Diversify LNG imports to India away from Gulf

Vol 8, PW 26 (06 Apr 05) People & Policy
     

A series of recommendations circulating in the Indian oil ministry could see India reduce its dependence on LNG from the Gulf region.

An internal note dated 1st March 2005, prepared by joint secretary Prabh Das, speaks at length about what India must do to ensure the security of its LNG imports. Energy security would dictate diversification of sources to as many suppliers as possible, economically and securely, the report says.

Conversely, LNG suppliers should be those who do not supply oil to the country. Das admits that this option might not be achievable but argues strongly that it must be considered as India enters into more and more long-term contracts for LNG.

For if a disruption disables oil supplies in a country, there is an increased likelihood that LNG supplies (from that country) would also be affected. Das points out that 67% of Indias crude imports come from west Asia.

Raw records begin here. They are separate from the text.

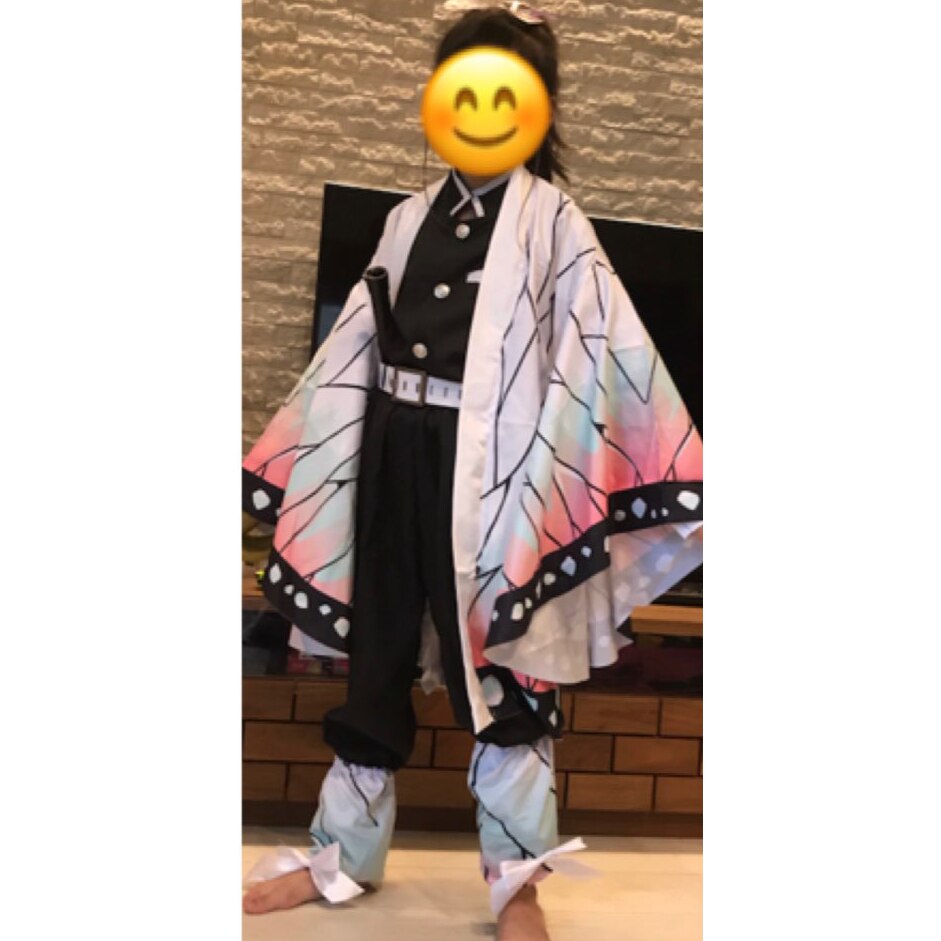 Cosplay - Demon Slayer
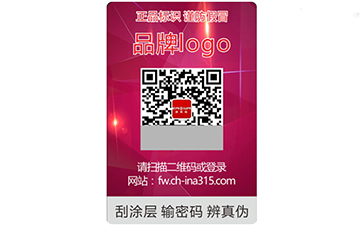 塑膜羞羞视频在线下载标签优势特征
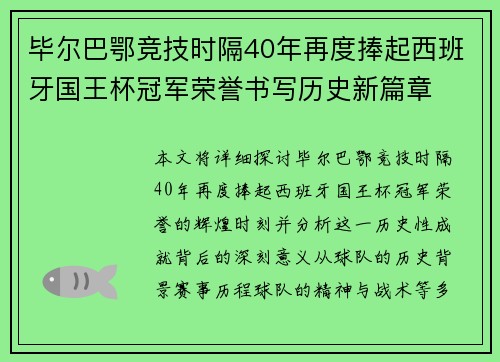 毕尔巴鄂竞技时隔40年再度捧起西班牙国王杯冠军荣誉书写历史新篇章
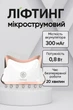 Мікрострумовий ліфтинг MEDICA+ Skin Lifting 5.0, світлодіодна терапія, масаж гуаша, біле золото, для домашнього догляду за обличчям - зображення 1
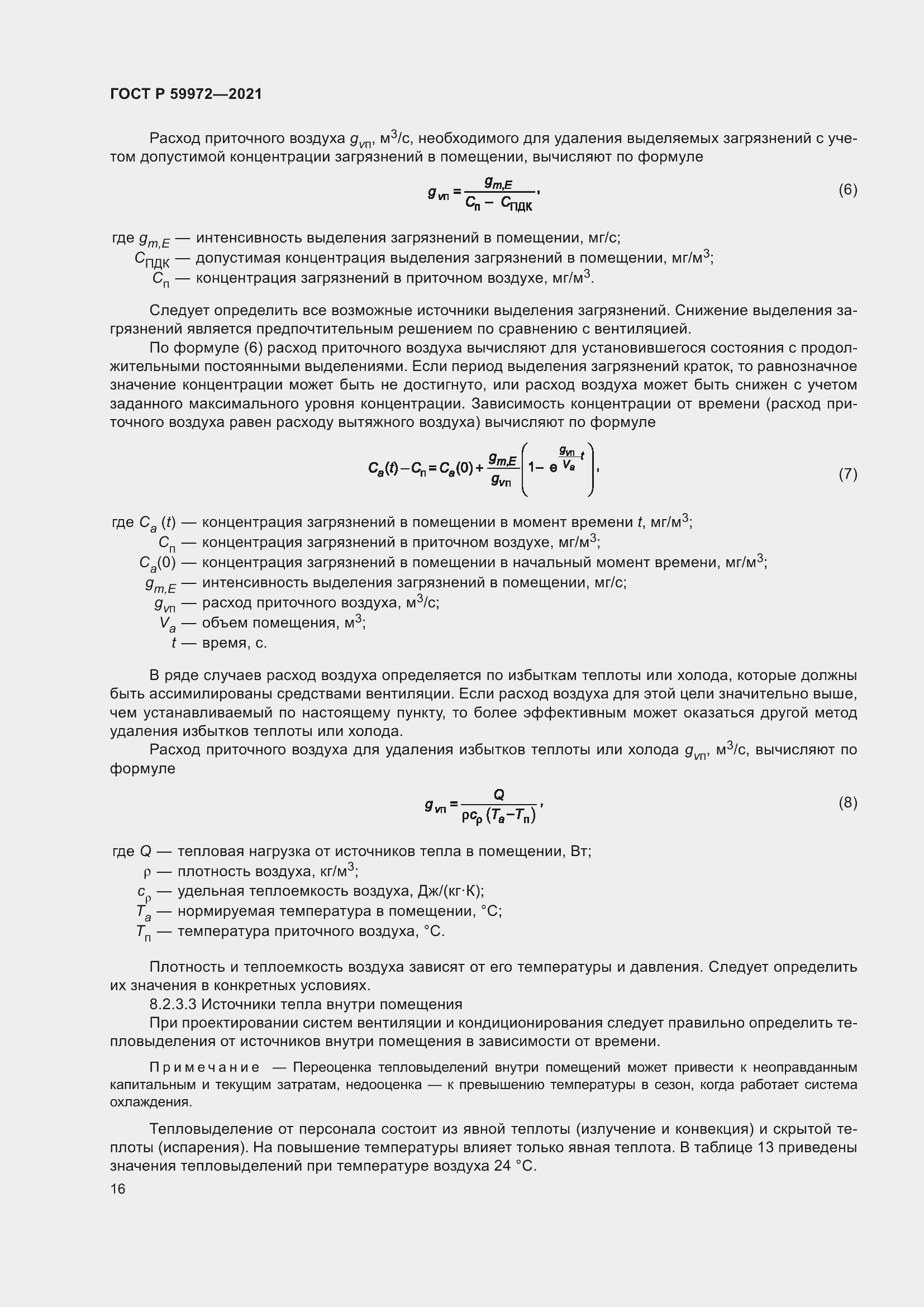 Страница 20 ГОСТ Р 59972-2021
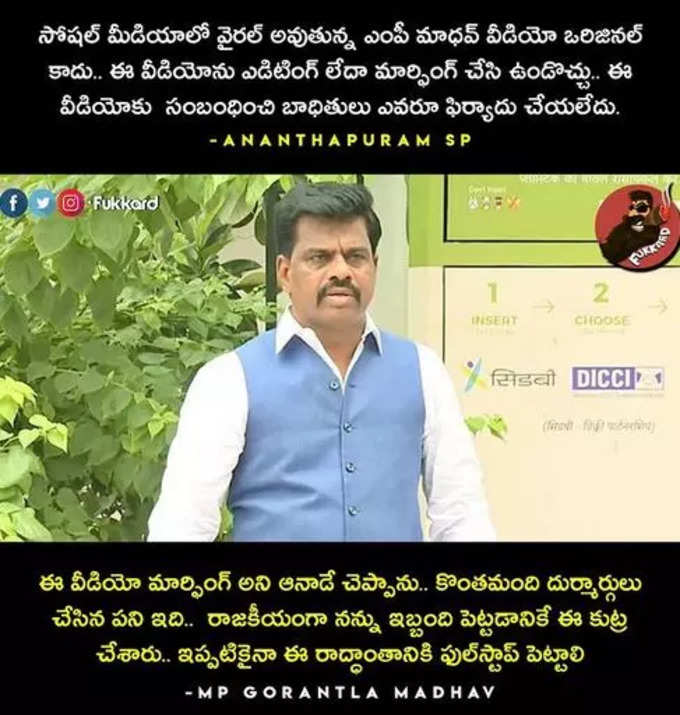 Telugu Memes : సరదా నవ్వుల మీమ్స్ .. ట్రోల్స్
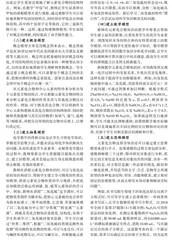 模型认知在元素化合物教学中的运用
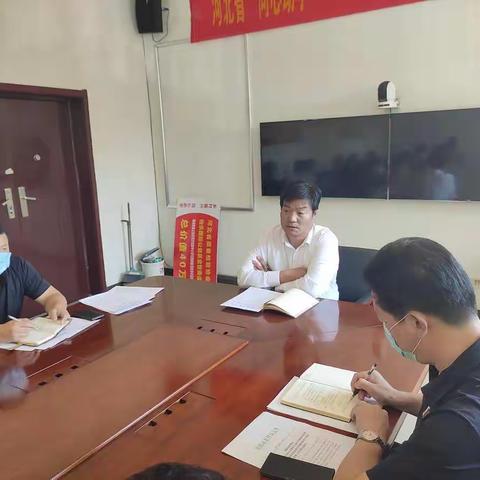 成安县教育体育局召开全县教育系统新学年学校法治安全工作暨第三季度安全工作会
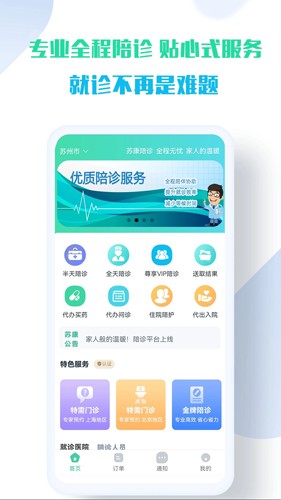 苏康陪诊官方最新版图1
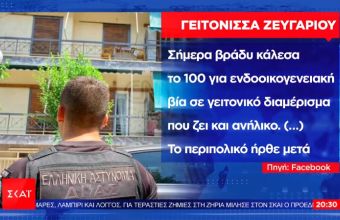 Πώς (δεν) αντέδρασαν οι δύο αστυνομικοί στις καταγγελίες για ενδοοικογενειακή βία στη Δάφνη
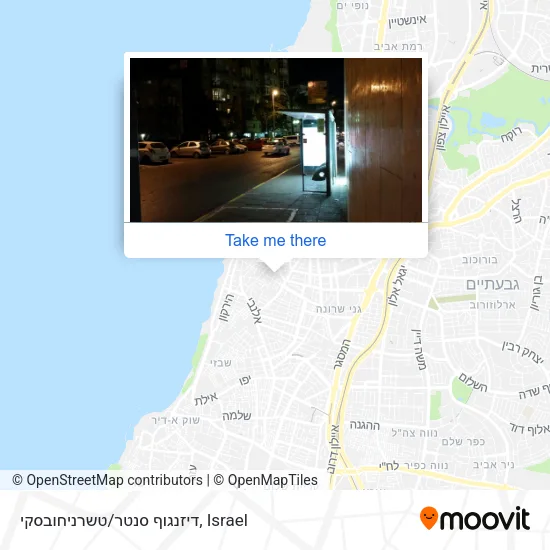 Карта דיזנגוף סנטר/טשרניחובסקי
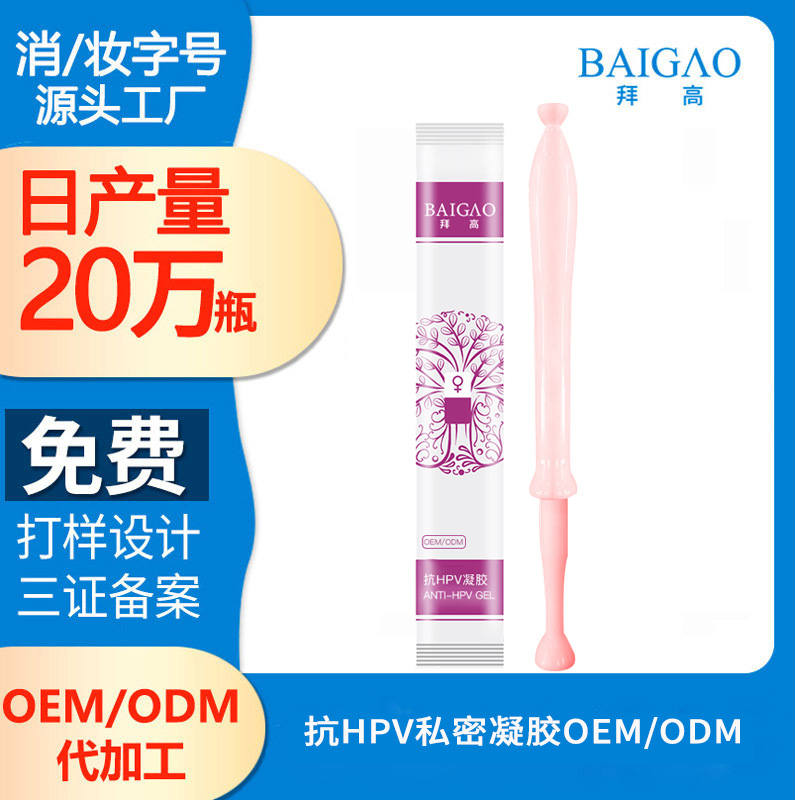 私密嫰红素贴牌代加工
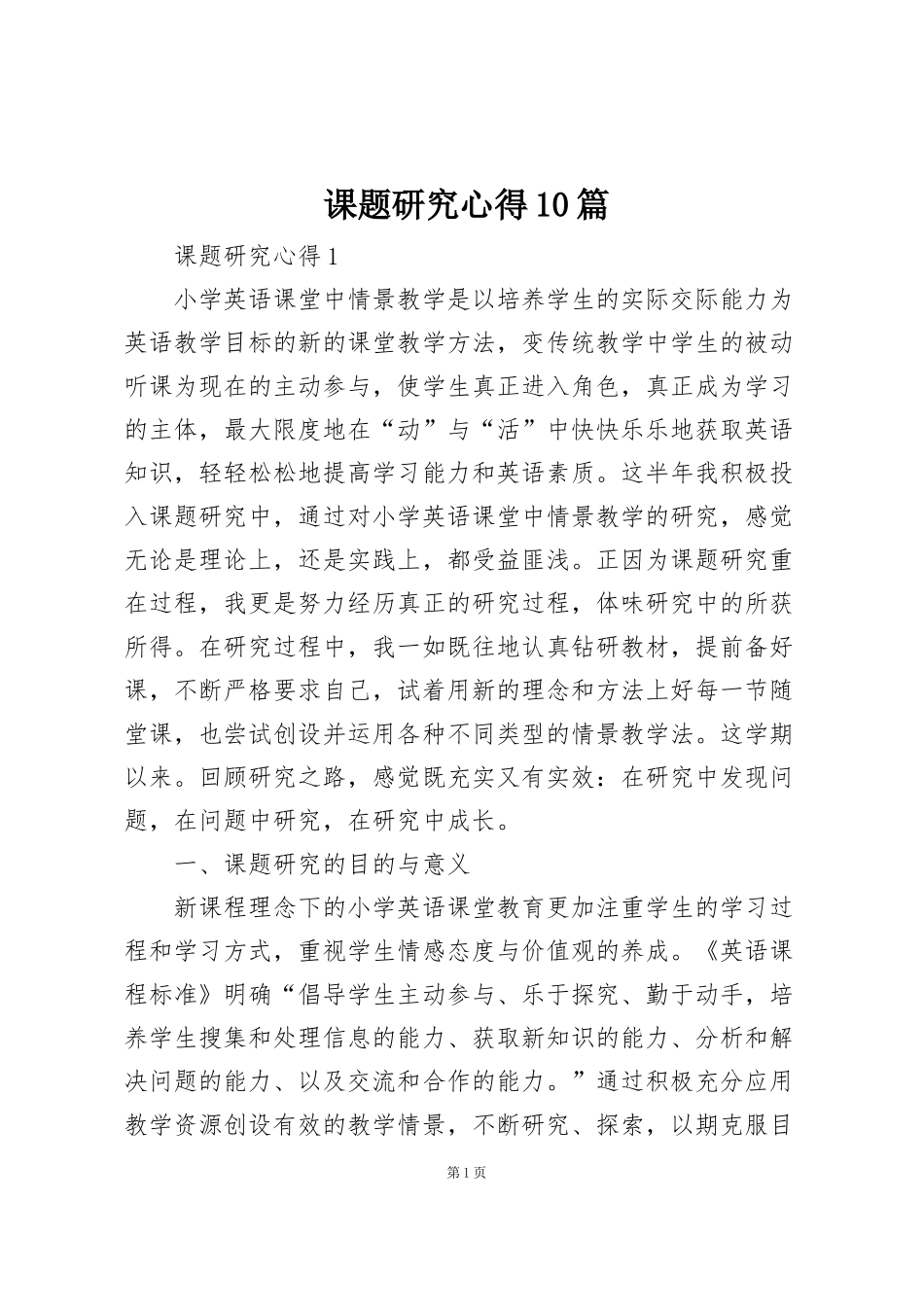 课题研究心得10篇_第1页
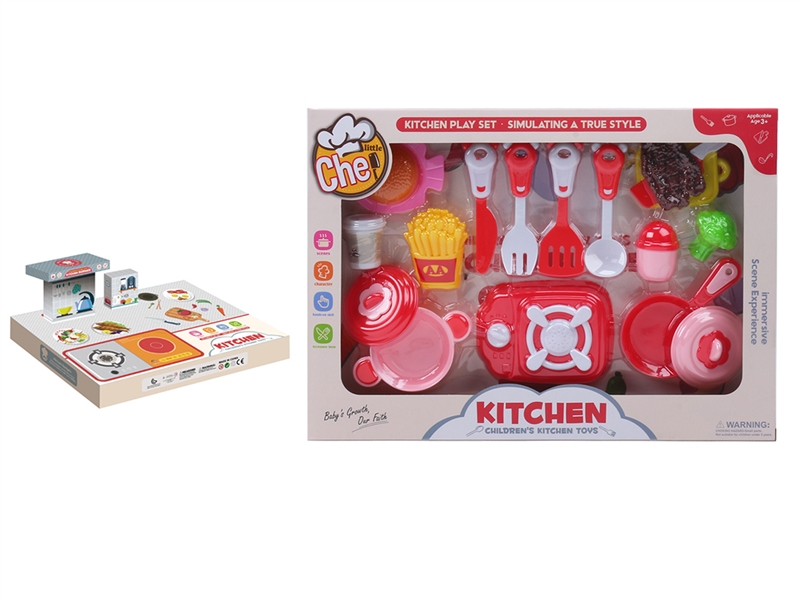 KITCHEN SET - HP1225735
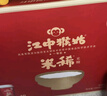 江中猴姑米稀牛奶米糊10杯装礼盒装养胃早餐高蛋白高钙食品送长辈礼盒250g 实拍图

Therefore LNG imports, to enhance our energy security, should come from countries other than west Asia. He then suggests that India should look at countries like Indonesia, Australia, Malaysia and nine others, which currently export LNG that totals up to one third of the worlds total proven recoverable gas reserves.

The most significant gas reserves by far are in Qatar followed by UAE and the US, says the Das report. Among LNG exporters in the Asia Pacific, the largest proven recoverable gas reserves are in Indonesia, Australia and Malaysia.

The other countries are: Brunei, Trinidad & Tobago, Libya, Algeria, Nigeria and Oman. Also highlighted is the availability of natural gas from the Russian Federation and Iran, which have the worlds largest proven recoverable natural gas reserves.

They do not export LNG, writes the report. But both countries have plans to do so by end of the decade.